Is Cristiano Ronaldo Manchester United’s problem?
Carlton Cole has labeled Cristiano Ronaldo a “part of the problem” at Manchester United, questioning the star’s “tenacity” after he missed a penalty in the FA Cup defeat to Middlesbrough. Former West Ham striker Carlton Cole believes Cristiano Ronaldo is “part of the problem” at Manchester United.
Cristiano Ronaldo’s departure from Manchester United a possibility?
Ralf Rangnick, the interim manager, has been open about his choice to bench Ronaldo. The German coach’s argument for Ronaldo’s most recent benching at Burnley, only three days after his 37th birthday, alluded to Ronaldo’s incapacity to complete certain responsibilities that are more physically demanding.
Ronaldo is known for his fitness and preparedness, and he prides himself on doing all it takes to be in peak shape. He still believes he can compete with the best. He hasn’t taken well to being substituted, most recently on January 12 at Brentford.

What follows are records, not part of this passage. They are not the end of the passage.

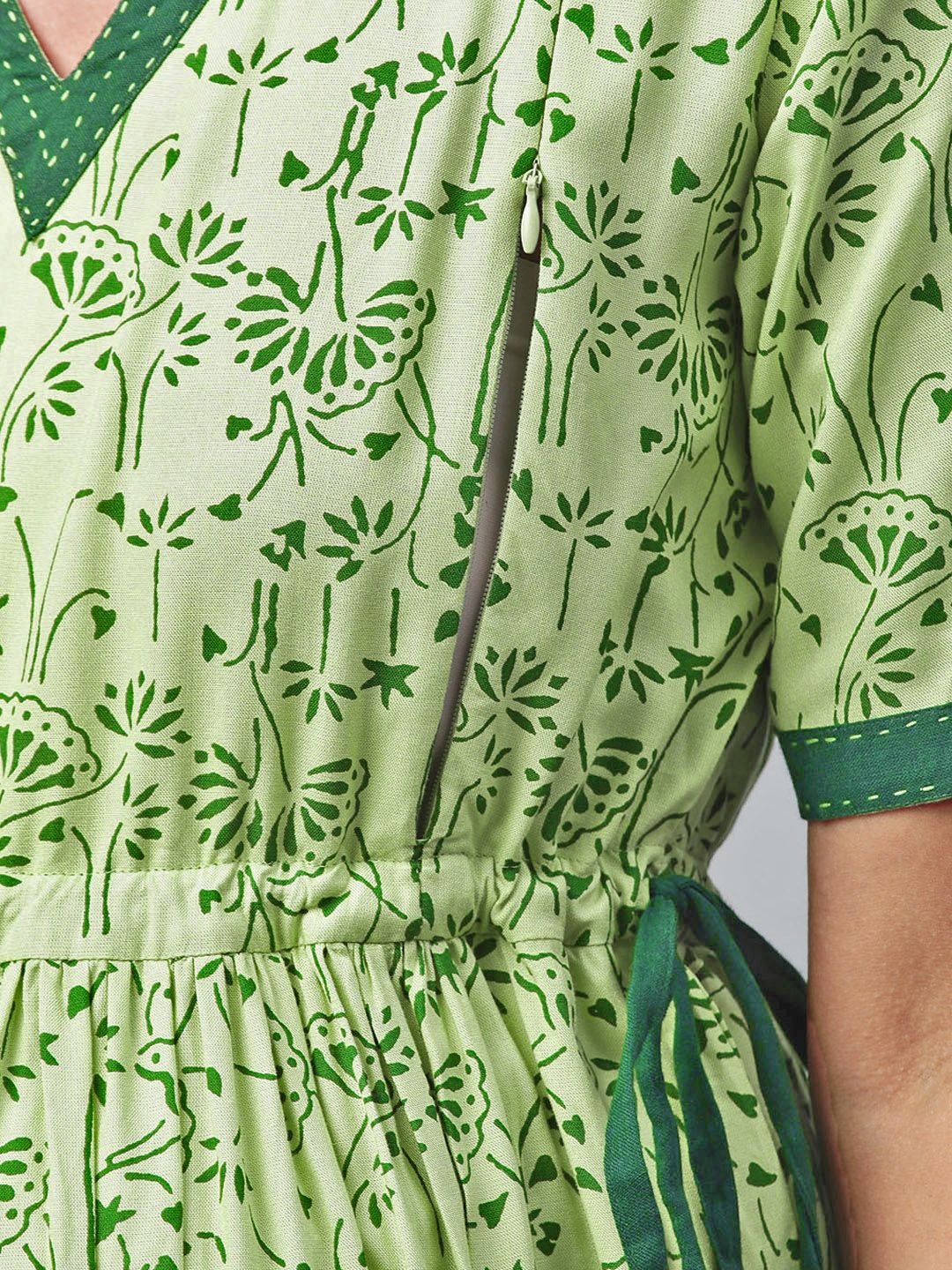Dhiyona AY Women's Green Printed A-Line Nursing Dress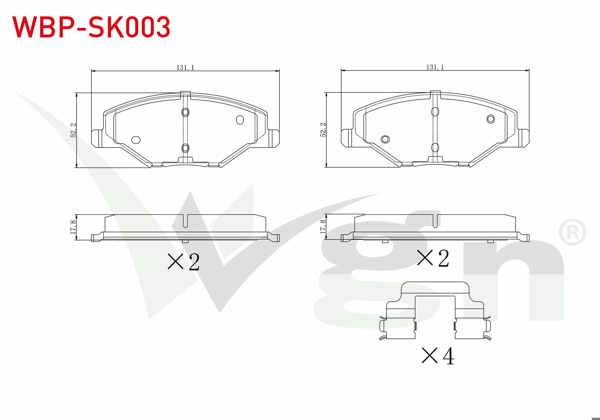 WGN WBP-SK003 | Fren Balata Ön Skoda Fabia II 1.2 2006-2015 / 1.2 TSI 2006-2015 / 1.4 2006-2015 / 1.6 2006-2015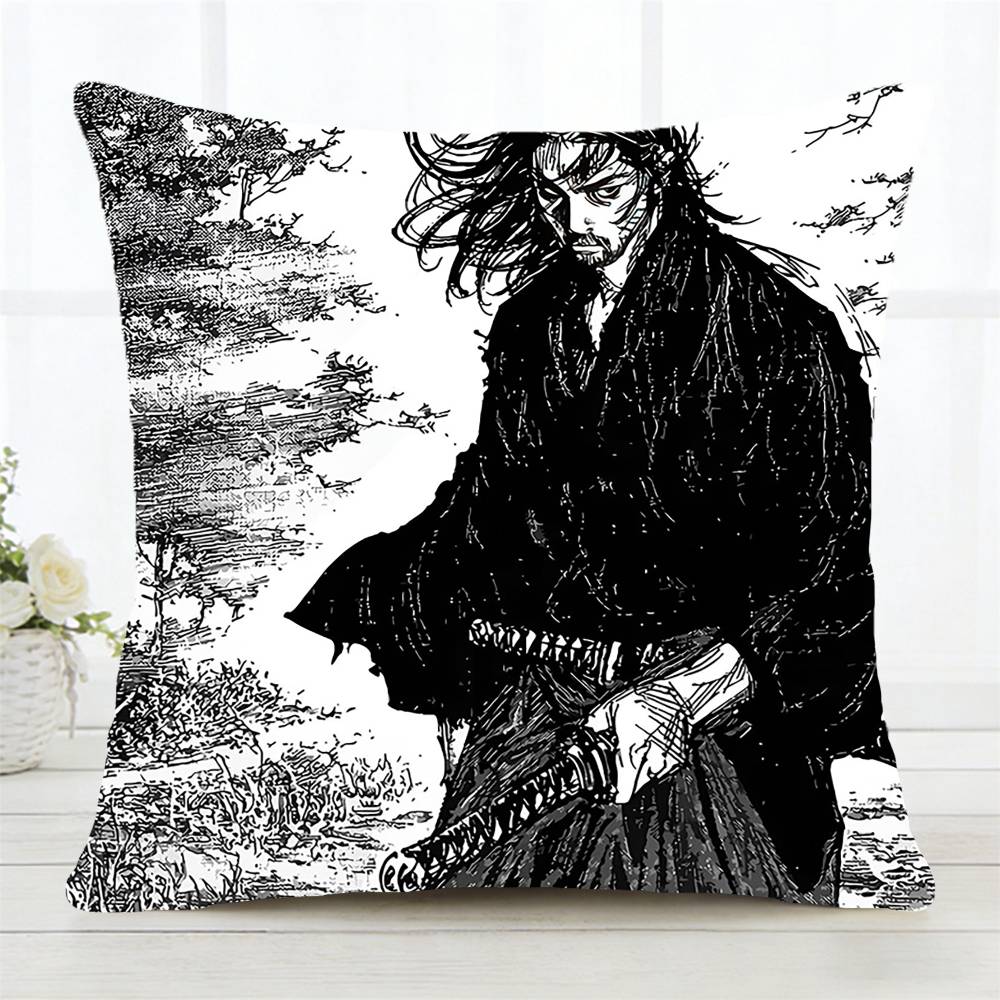 Anime Vagabond Pillow Case Fashion Square Pillowcase Bedroom Sofa Room Ins Decoration Leisure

Despite his best attempts, Ronaldo is in the midst of one of his worst goal-scoring droughts in the last decade, and after setting such a high standard throughout his career, every flaw is magnified:
Ronaldo was also guilty of missing a penalty kick, which contributed to Manchester United’s FA Cup exit at the hands of Middlesbrough.
While he remains mired in mediocrity at Old Trafford, Lionel Messi has turned around a sluggish start to his Paris Saint-Germain career, and his influence at PSG is only growing with each passing game.
So, for the time being, what precisely is Ronaldo’s position at Manchester United going forward? Edinson Cavani’s contributions have lacked flair and fruit, and Mason Greenwood is sidelined for the foreseeable future, so Ronaldo will most certainly remain the focal point for the remainder of the season.
Nonetheless, there is growing conjecture regarding Ronaldo’s future at the club beyond this season — he signed a two-year contract with the club last summer — and those suspicions will only deepen with each match in which he struggles or fails to deliver.
Whether he stays at Man United for another season or leaves after just one, it’s evident that the 37-year-old is no longer the success conduit he once was.
Is Ronaldo happy with Manchester United?
Cristiano Ronaldo has stated that he is “not happy” with Manchester United’s current Premier League performances before the New Year holidays. After being heavily linked with a move to Manchester City, Ronaldo re-joined United in a mega deal this summer.